* _TASK_
Using the records below, repeat exactly the lines from the one holding "2023/2024 Juventus Home Football Shirt" through the one holding "kino-lumiere-–", both ends included, and no others.

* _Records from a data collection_
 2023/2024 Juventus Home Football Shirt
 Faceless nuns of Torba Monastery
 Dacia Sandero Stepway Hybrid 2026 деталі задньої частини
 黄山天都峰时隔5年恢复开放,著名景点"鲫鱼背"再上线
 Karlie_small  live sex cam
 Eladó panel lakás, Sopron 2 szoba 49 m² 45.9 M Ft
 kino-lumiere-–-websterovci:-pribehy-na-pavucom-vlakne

...

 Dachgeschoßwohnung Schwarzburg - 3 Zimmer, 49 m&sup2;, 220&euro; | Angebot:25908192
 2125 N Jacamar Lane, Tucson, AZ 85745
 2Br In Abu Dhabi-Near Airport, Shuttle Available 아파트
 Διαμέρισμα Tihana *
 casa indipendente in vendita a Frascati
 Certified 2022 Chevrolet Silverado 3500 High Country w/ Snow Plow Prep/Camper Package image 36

* _WRITTEN RESPONSE_
 2023/2024 Juventus Home Football Shirt
 Faceless nuns of Torba Monastery
 Dacia Sandero Stepway Hybrid 2026 деталі задньої частини
 黄山天都峰时隔5年恢复开放,著名景点"鲫鱼背"再上线
 Karlie_small  live sex cam
 Eladó panel lakás, Sopron 2 szoba 49 m² 45.9 M Ft
 kino-lumiere-–-websterovci:-pribehy-na-pavucom-vlakne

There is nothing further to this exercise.